Baca berita tanpa iklan. Gabung Kompas.com+

Halau Pencari Suaka, Pemerintah Indonesia Diminta Protes Australia

Kompas.com - 07/01/2014, 15:42 WIB
JAKARTA, KOMPAS.com — Pengamat Hukum Internasional Hikmahanto Juwana mengkritisi kebijakan Australia menghalau kapal para pencari suaka yang hendak ke Australia lalu diarahkan kembali ke perairan Indonesia. Menurut Hikmahanto, Australia tidak mempraktikkan kebijakan bertetangga yang baik.

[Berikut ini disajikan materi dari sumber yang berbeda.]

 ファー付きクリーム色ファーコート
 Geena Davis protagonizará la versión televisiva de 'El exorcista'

"Pemerintah Indonesia perlu memprotes keras tindakan AL Australia tersebut. Pemerintah Indonesia harus meminta agar Pemerintah Australia turut bertanggung jawab dan tidak sekadar cuci tangan atas permasalahan pencari suaka," kata Hikmahanto seperti dikutip Antara, Selasa (7/1/2014).
 
Sebelumnya, Angkatan Laut Australia menghalau 45 imigran gelap asal Timur Tengah yang hendak ke perairan Australia lalu diarahkan kembali ke perairan Indonesia dan berujung ke Ndao, NTT. Tindakan AL Australia itu merupakan implementasi dari kebijakan PM Tony Abbott untuk menghalau para pencari suaka ke wilayah Indonesia (boat turnback policy).

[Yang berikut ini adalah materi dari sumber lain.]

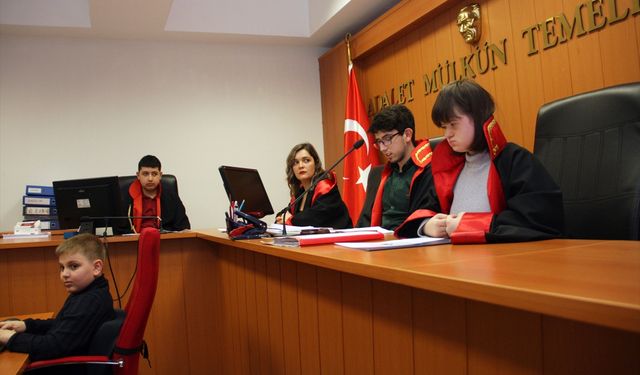 Zonguldak'ta "özel çocuklar" temsili mahkeme heyeti oldu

Hikmahanto mengatakan, Pemerintah Indonesia perlu menyampaikan protes lantaran pada kenyataannya para pencari suaka berkeinginan ke Australia, bukan ke Indonesia. Bila tindakan AL Australia terus berlanjut, kata dia, maka AL Indonesia dan Basarnas perlu memperlengkapi para pencari suaka dengan berbagai peralatan agar mereka bisa sampai di Australia dengan selamat.

Pemerintah, tambah dia, harus tegas dalam menghadapi kebijakan Australia dalam menangani para pencari suaka. Ia menilai tindakan tegas itu dibutuhkan agar kedaulatan RI tidak dilecehkan oleh Australia dan Indonesia tidak menjadi tempat bagi "masalah" Australia.

Aksi kapal perang AL Australia yang memasuki wilayah perairan Indonesia secara semena-mena itu diketahui setelah Kepolisian Resor Rote Ndao di Pulau Rote, sekitar 40 mil dari Kupang, ibu kota Provinsi Nusa Tenggara Timur, mengamankan 45 imigran gelap asal Timur Tengah yang terdampar di Dusun Kakaek, Desa Lenupetu, Kecamatan Pantai Baru, Kabupaten Rote Ndao, di Pulau Rote, Senin (6/1/2014).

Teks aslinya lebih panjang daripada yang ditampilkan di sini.